Leave out the pictures and retype exactly the lines from the one with "C&oacute;digo QR con" through the end of the records.

*** Opening of Task material ***

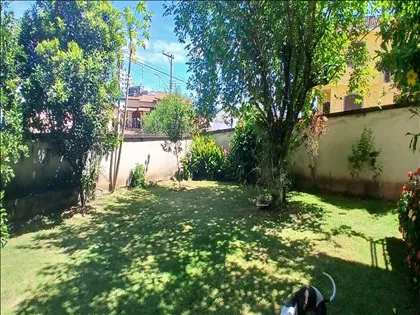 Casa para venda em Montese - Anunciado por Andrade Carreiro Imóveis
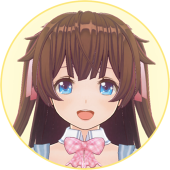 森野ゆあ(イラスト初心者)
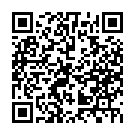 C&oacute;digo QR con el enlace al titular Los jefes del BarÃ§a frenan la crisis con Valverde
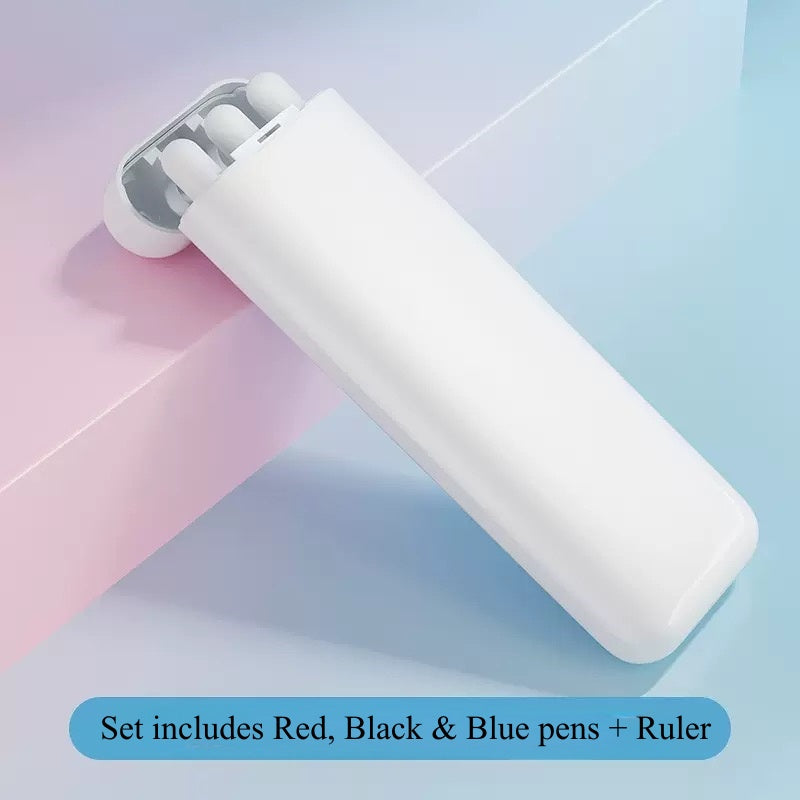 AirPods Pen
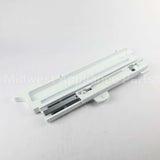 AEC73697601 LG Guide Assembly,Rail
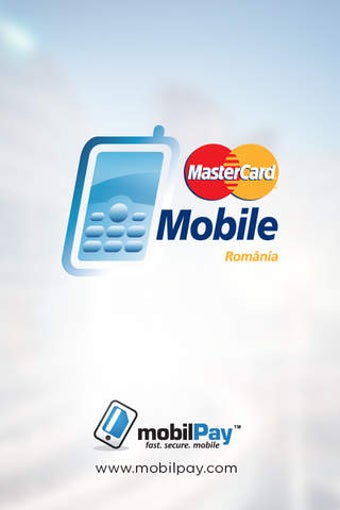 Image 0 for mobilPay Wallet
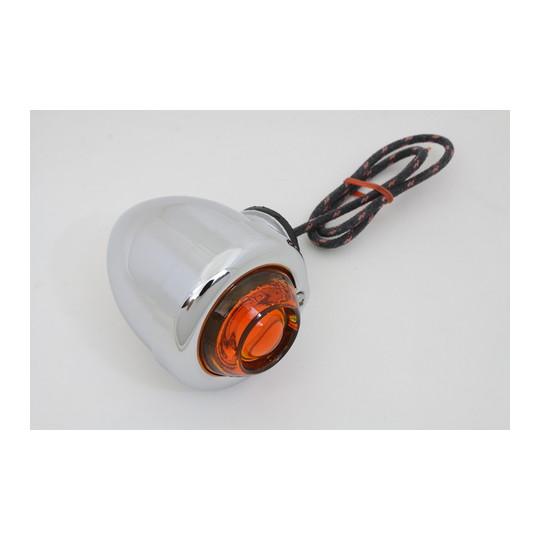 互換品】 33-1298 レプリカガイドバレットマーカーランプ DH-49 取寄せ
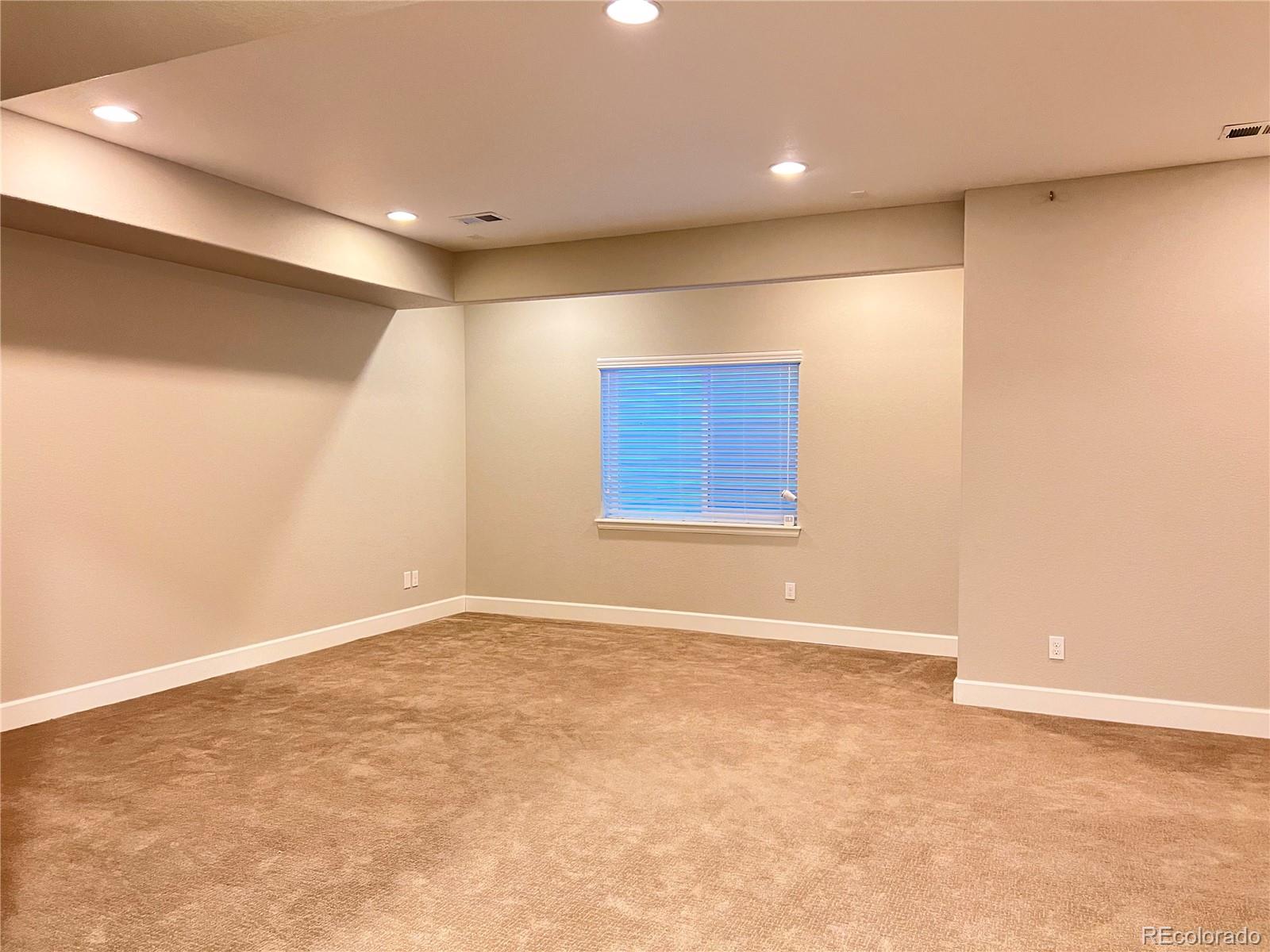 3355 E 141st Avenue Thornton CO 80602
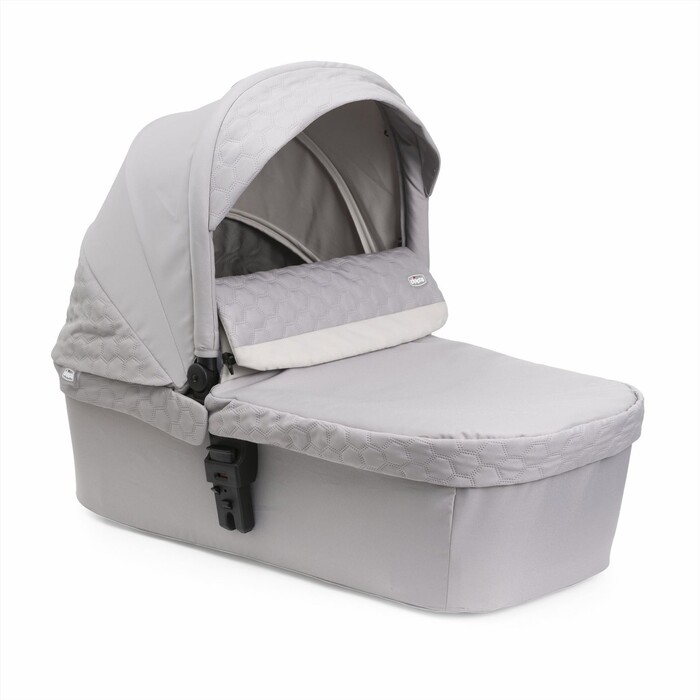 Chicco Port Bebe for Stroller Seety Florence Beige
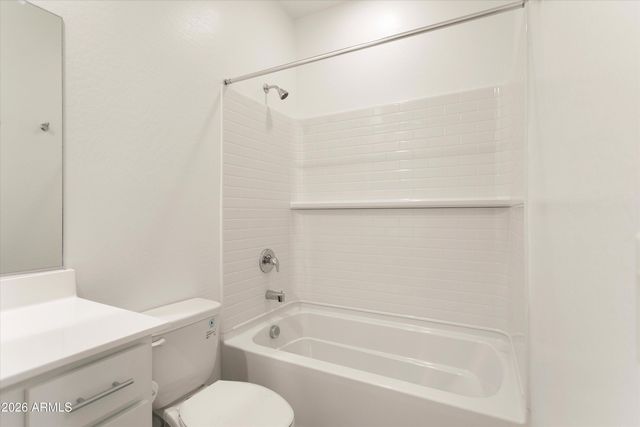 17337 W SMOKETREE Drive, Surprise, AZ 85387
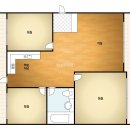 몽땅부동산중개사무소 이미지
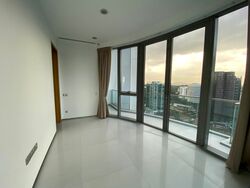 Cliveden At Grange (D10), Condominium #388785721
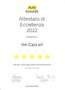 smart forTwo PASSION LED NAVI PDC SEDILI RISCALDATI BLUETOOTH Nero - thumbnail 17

*** Close of Task material ***

◆ **Completed task**
 C&oacute;digo QR con el enlace al titular Los jefes del BarÃ§a frenan la crisis con Valverde
 AirPods Pen
 AEC73697601 LG Guide Assembly,Rail
 Image 0 for mobilPay Wallet
 互換品】 33-1298 レプリカガイドバレットマーカーランプ DH-49 取寄せ
 3355 E 141st Avenue Thornton CO 80602
 Chicco Port Bebe for Stroller Seety Florence Beige
 17337 W SMOKETREE Drive, Surprise, AZ 85387
 몽땅부동산중개사무소 이미지
 Cliveden At Grange (D10), Condominium #388785721
 smart forTwo PASSION LED NAVI PDC SEDILI RISCALDATI BLUETOOTH Nero - thumbnail 17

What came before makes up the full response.